Systems Bioinformatics, IBIVU, VU University, Amsterdam, The Netherlands; Kluyver Centre for Genomics of Industrial Fermentation, Delft, The Netherlands; Amsterdam Institute for Molecules, Medicines and Systems (AIMMS), VU University, The Netherlands.
FEBS J. 2014 Mar;281(6):1547-55. doi: 10.1111/febs.12722. Epub 2014 Feb 12.

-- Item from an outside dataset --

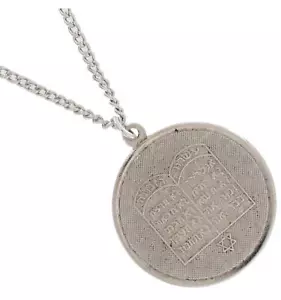 Ky & Co Silver Tone Hebrew Jewish Torah Coin Charm Curb Chain Necklace 18" USA - Picture 1 of 2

Specific product formation rates and cellular growth rates are important maximization targets in biotechnology and microbial evolution. Maximization of a specific rate (i.e. a rate expressed per unit biomass amount) requires the expression of particular metabolic pathways at optimal enzyme concentrations. In contrast to the prediction of maximal product yields, any prediction of optimal specific rates at the genome scale is currently computationally intractable, even if the kinetic properties of all enzymes are available. In the present study, we characterize maximal-specific-rate states of metabolic networks of arbitrary size and complexity, including genome-scale kinetic models. We report that optimal states are elementary flux modes, which are minimal metabolic networks operating at a thermodynamically-feasible steady state with one independent flux. Remarkably, elementary flux modes rely only on reaction stoichiometry, yet they function as the optimal states of mathematical models incorporating enzyme kinetics. Our results pave the way for the optimization of genome-scale kinetic models because they offer huge simplifications to overcome the concomitant computational problems.
特定产物形成速率和细胞生长速率是生物技术和微生物进化中的重要优化目标。特定速率(即单位生物量表示的速率)的最大化需要在最佳酶浓度下表达特定的代谢途径。与最大产物产率的预测相比,即使所有酶的动力学特性都可用,目前在基因组尺度上对最佳特定速率的任何预测在计算上都是难以处理的。在本研究中,我们描述了任意大小和复杂程度的代谢网络(包括基因组尺度的动力学模型)的最大特定速率状态。我们报告说,最优状态是基本通量模式,这是在热力学可行的稳态下运行的最小代谢网络,具有一个独立的通量。值得注意的是,基本通量模式仅依赖于反应计量,然而它们作为包含酶动力学的数学模型的最优状态发挥作用。我们的研究结果为基因组尺度的动力学模型的优化铺平了道路,因为它们提供了巨大的简化,以克服随之而来的计算问题。